(EXERCISE): Each line of the listing needs to be given again exactly.

(THE DATA):
'''

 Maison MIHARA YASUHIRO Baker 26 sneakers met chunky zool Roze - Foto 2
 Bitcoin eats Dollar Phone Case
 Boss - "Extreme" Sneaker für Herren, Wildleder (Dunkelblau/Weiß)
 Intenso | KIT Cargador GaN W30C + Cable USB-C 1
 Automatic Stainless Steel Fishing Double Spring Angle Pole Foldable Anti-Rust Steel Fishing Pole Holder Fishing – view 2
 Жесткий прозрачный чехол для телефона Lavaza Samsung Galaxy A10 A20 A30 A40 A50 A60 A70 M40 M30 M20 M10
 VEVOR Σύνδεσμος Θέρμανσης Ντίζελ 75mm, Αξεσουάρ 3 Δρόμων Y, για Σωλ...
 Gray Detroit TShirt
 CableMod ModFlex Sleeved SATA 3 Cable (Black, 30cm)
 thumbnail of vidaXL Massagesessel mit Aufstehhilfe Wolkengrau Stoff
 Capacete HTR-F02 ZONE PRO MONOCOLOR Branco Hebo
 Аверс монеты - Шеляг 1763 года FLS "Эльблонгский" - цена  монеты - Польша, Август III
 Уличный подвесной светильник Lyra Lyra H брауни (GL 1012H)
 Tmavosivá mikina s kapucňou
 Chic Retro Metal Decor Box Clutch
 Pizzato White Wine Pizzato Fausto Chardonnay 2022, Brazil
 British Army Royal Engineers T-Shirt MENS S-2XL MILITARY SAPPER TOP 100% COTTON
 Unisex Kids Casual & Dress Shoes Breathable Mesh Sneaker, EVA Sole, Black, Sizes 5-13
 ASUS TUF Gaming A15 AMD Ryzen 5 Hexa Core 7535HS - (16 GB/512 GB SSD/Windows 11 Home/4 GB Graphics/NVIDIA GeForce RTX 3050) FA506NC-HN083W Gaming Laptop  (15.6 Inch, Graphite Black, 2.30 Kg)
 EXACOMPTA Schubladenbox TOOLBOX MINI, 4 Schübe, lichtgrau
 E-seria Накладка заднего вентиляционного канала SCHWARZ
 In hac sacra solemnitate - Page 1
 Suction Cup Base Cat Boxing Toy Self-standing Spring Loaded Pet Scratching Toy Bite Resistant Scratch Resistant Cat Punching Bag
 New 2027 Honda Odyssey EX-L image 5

'''

(WRITTEN SOLUTION):
 Maison MIHARA YASUHIRO Baker 26 sneakers met chunky zool Roze - Foto 2
 Bitcoin eats Dollar Phone Case
 Boss - "Extreme" Sneaker für Herren, Wildleder (Dunkelblau/Weiß)
 Intenso | KIT Cargador GaN W30C + Cable USB-C 1
 Automatic Stainless Steel Fishing Double Spring Angle Pole Foldable Anti-Rust Steel Fishing Pole Holder Fishing – view 2
 Жесткий прозрачный чехол для телефона Lavaza Samsung Galaxy A10 A20 A30 A40 A50 A60 A70 M40 M30 M20 M10
 VEVOR Σύνδεσμος Θέρμανσης Ντίζελ 75mm, Αξεσουάρ 3 Δρόμων Y, για Σωλ...
 Gray Detroit TShirt
 CableMod ModFlex Sleeved SATA 3 Cable (Black, 30cm)
 thumbnail of vidaXL Massagesessel mit Aufstehhilfe Wolkengrau Stoff
 Capacete HTR-F02 ZONE PRO MONOCOLOR Branco Hebo
 Аверс монеты - Шеляг 1763 года FLS "Эльблонгский" - цена  монеты - Польша, Август III
 Уличный подвесной светильник Lyra Lyra H брауни (GL 1012H)
 Tmavosivá mikina s kapucňou
 Chic Retro Metal Decor Box Clutch
 Pizzato White Wine Pizzato Fausto Chardonnay 2022, Brazil
 British Army Royal Engineers T-Shirt MENS S-2XL MILITARY SAPPER TOP 100% COTTON
 Unisex Kids Casual & Dress Shoes Breathable Mesh Sneaker, EVA Sole, Black, Sizes 5-13
 ASUS TUF Gaming A15 AMD Ryzen 5 Hexa Core 7535HS - (16 GB/512 GB SSD/Windows 11 Home/4 GB Graphics/NVIDIA GeForce RTX 3050) FA506NC-HN083W Gaming Laptop  (15.6 Inch, Graphite Black, 2.30 Kg)
 EXACOMPTA Schubladenbox TOOLBOX MINI, 4 Schübe, lichtgrau
 E-seria Накладка заднего вентиляционного канала SCHWARZ
 In hac sacra solemnitate - Page 1
 Suction Cup Base Cat Boxing Toy Self-standing Spring Loaded Pet Scratching Toy Bite Resistant Scratch Resistant Cat Punching Bag
 New 2027 Honda Odyssey EX-L image 5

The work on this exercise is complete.